___ Source data

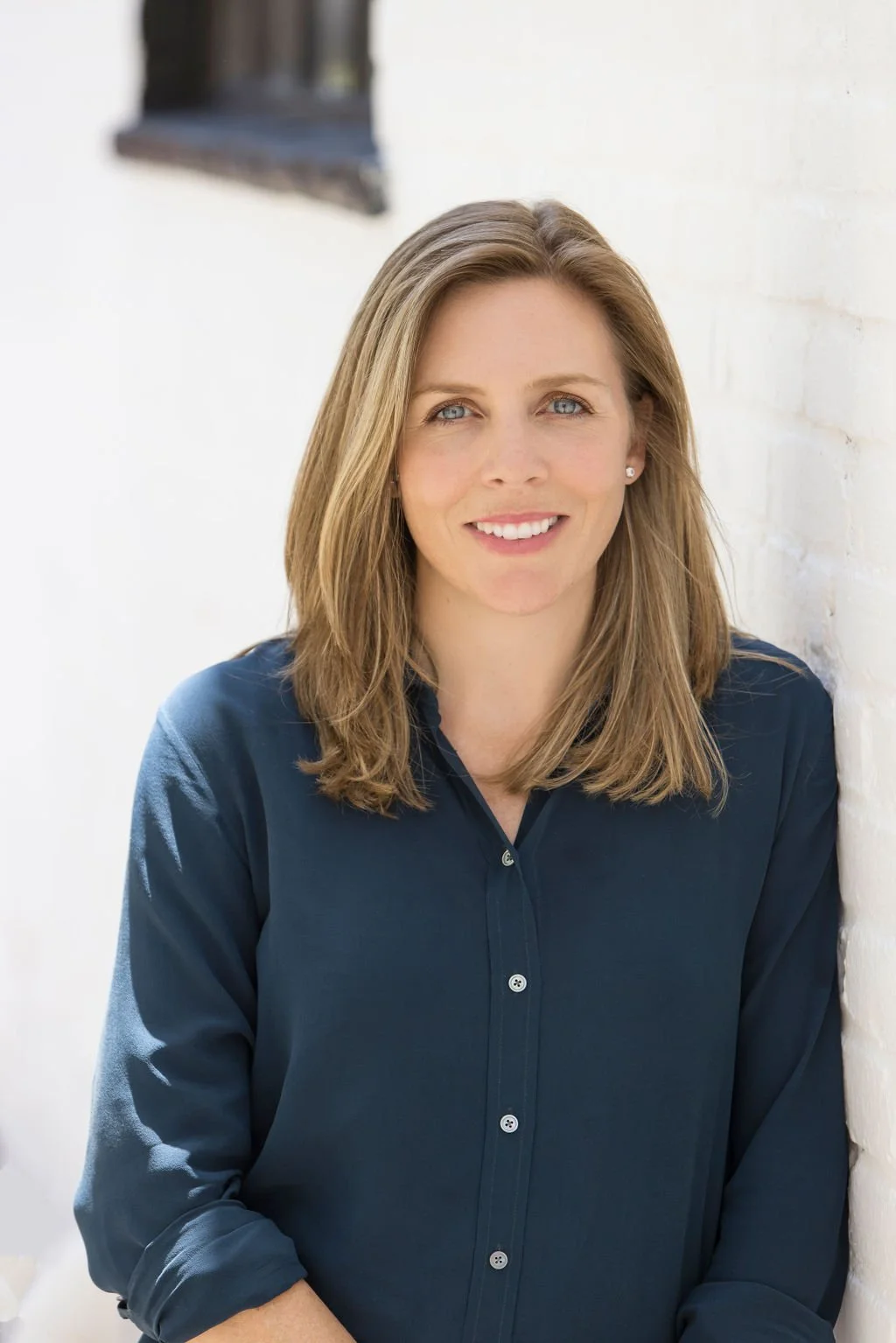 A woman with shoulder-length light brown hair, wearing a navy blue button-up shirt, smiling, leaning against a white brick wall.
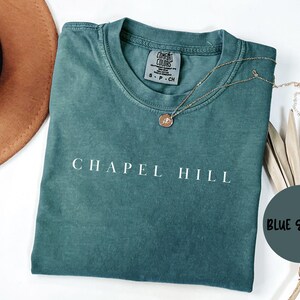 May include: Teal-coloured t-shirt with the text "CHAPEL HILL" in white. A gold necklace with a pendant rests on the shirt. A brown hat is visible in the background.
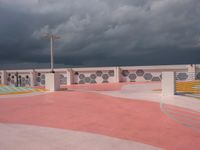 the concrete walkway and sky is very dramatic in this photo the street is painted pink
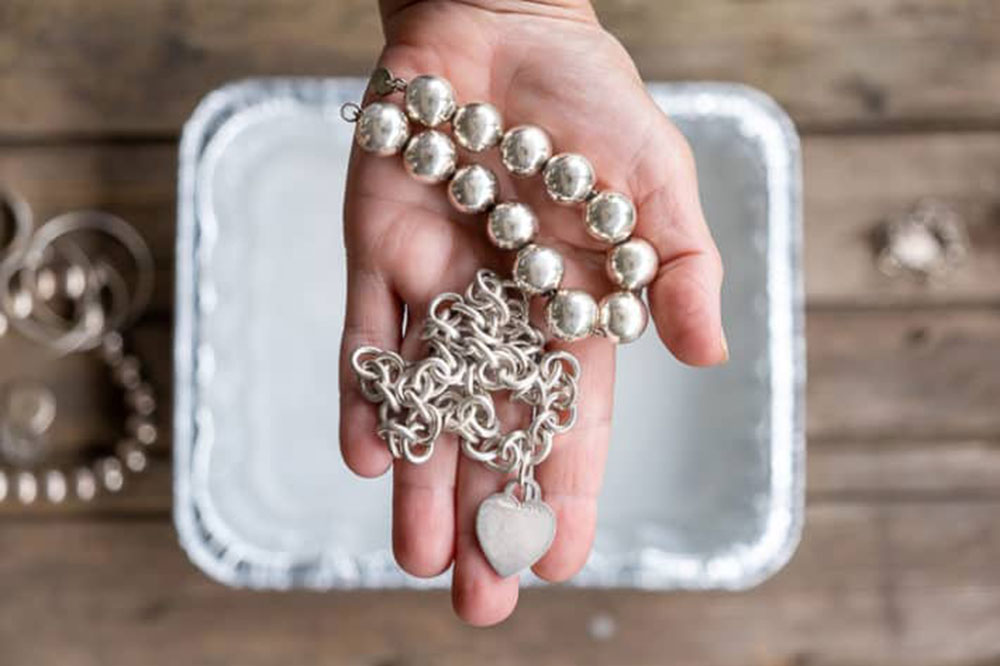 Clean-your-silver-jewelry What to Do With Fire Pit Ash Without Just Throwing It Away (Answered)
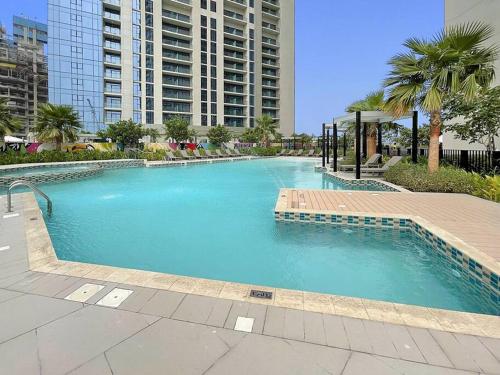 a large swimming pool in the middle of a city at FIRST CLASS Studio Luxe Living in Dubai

______
___ Source data

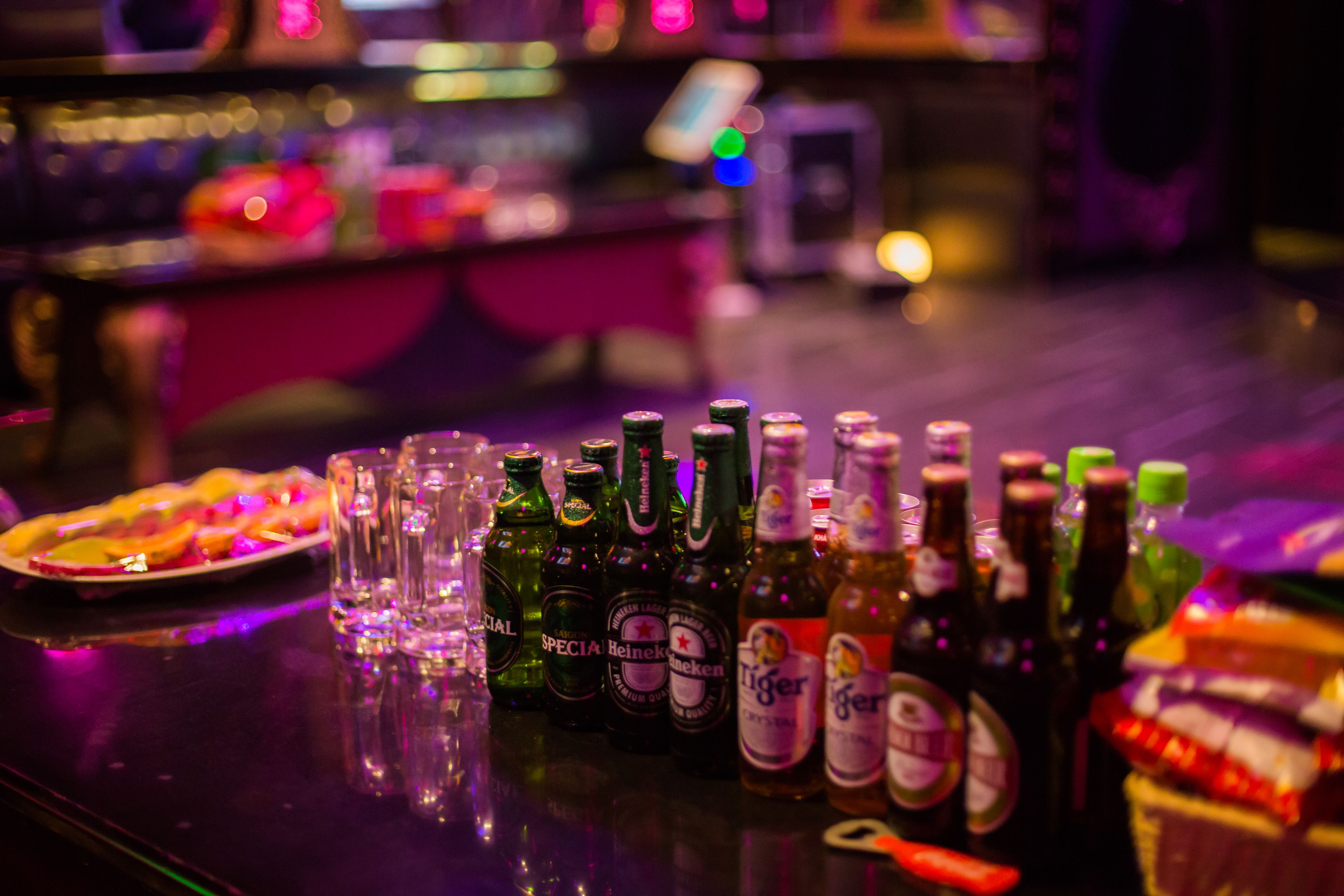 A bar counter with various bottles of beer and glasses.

______

= Exercise directions =
The reply should hold exactly the lines above, starting at the line with "May include: Teal-coloured" and ending at the line with "a large swimming", and no pictures.

= Output of the task =
 May include: Teal-coloured t-shirt with the text "CHAPEL HILL" in white. A gold necklace with a pendant rests on the shirt. A brown hat is visible in the background.
 the concrete walkway and sky is very dramatic in this photo the street is painted pink
 Clean-your-silver-jewelry What to Do With Fire Pit Ash Without Just Throwing It Away (Answered)
 a large swimming pool in the middle of a city at FIRST CLASS Studio Luxe Living in Dubai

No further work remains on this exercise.